Он нашел невысокого, но широкоплечего Файфа сидящим между койками с группой поваров и подошел к нему.
Капрал Файф слушал болтовню поваров, чтобы отвлечься от неприятной, тревожной мысли о бомбежке. Он увидел приближающегося Уэлша и понял по его лицу, в каком настроении первый сержант. Первым побуждением Файфа было встать и не спеша удалиться, пока Уэлш не подошел к нему. Но Файф знал, что это не поможет. Уэлш последует за ним или, что еще хуже, прикажет вернуться. Поэтому Файф продолжал сидеть, чувствуя, как в нем растет какое-то острое беспокойство, и смотрел на приближающегося Уэлша. Если Файф что и ненавидел, так это обращать на себя внимание, а сержант Уэлш, словно тайно догадываясь об этом, всегда причинял ему эту неприятность.
Файф позволил Доллу отговорить себя от попытки украсть пистолет. Так же поступил техасец Куин. Оба были уверены, что на это им не хватит времени. Поэтому, когда Долл оставил их, Файф, пытаясь рассеять или хотя бы смягчить растущую тревогу перед воздушным налетом, стал бродить среди коек в поисках друга, с которым можно было поделиться, — одного из двух друзей Файфа в третьей роте.
Одного его друга перевели из роты, и его даже не было на корабле. Другой, гораздо более интересный, по мнению Файфа, был коренастый солдат с тихим голосом и большими руками, по фамилии Белл. Файф нашел его тихо сидящим с тремя-четырьмя другими солдатами и присоединился к ним. Но общение с ними его не успокоило. Они почти не разговаривали, и вскоре Файф оставил их и вернулся обратно, где оживленно болтали повара.

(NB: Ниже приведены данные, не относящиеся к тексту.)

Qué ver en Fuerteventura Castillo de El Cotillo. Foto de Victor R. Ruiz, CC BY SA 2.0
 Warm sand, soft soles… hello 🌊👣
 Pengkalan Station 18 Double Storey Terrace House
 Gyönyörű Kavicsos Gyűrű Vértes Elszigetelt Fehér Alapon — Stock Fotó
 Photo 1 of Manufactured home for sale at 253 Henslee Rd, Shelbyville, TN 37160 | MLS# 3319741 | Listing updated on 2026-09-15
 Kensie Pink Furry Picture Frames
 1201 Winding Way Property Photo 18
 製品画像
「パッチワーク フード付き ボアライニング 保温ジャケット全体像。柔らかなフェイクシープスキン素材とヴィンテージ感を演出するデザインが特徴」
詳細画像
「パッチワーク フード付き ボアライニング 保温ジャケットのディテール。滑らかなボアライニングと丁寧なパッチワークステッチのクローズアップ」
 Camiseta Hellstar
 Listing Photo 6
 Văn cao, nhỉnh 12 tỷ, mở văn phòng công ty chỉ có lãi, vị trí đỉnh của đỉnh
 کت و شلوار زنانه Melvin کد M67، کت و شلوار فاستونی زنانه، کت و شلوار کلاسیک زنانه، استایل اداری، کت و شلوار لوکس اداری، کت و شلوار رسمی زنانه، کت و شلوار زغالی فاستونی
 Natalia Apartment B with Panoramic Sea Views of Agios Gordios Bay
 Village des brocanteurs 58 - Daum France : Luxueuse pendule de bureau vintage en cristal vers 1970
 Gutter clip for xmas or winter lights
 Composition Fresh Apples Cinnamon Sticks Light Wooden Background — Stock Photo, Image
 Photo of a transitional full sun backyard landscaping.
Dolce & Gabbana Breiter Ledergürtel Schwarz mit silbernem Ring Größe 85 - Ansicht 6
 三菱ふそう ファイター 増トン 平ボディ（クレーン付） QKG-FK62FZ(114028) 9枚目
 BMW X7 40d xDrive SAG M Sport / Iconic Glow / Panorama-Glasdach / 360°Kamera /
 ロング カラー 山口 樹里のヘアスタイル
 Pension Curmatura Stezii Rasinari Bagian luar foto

Белл, которым он так восхищался, принес ему мало утешения, и Файф был разочарован.
Белл, недавно призванный в армию, говорил очень мало и держался замкнуто, и в нем, конечно, не было ничего необычного. Однако у Файфа Белл вызывал интерес, потому что у него была тайна, и двадцатилетний Файф ее знал. Белл в прошлом был армейским офицером, до войны был первым лейтенантом инженерных войск на Филиппинах и вышел в отставку.
Файф никак не мог забыть то чувство почтения, а потом удивленного восхищения, которое он испытал, прочтя в ротной канцелярии эти сведения в личном деле Белла, когда тот прибыл в третью роту три месяца назад с группой других призывников. О таком приключении, как показывал более чем двухлетний опыт пребывания Файфа в армии, можно было прочесть только на страницах «Аргоси» или другого подобного журнала. У офицеров, как и у солдат, которых знал Файф, были довольно прозаические биографии. Естественно, что Файф обрадовался, найдя такого человека, как Белл. Что касается почтения, то Файф почитал всех офицеров. Он не любил офицеров как класс, но испытывал к ним почтение, даже если они этого не заслуживали, просто потому, что они властвовали над ним так же, как родители или учителя в школе. Поступок человека, добровольно отказавшегося от такой власти, чтобы в свою очередь стать подвластным другим, казался Файфу и очень романтичным, и очень глупым.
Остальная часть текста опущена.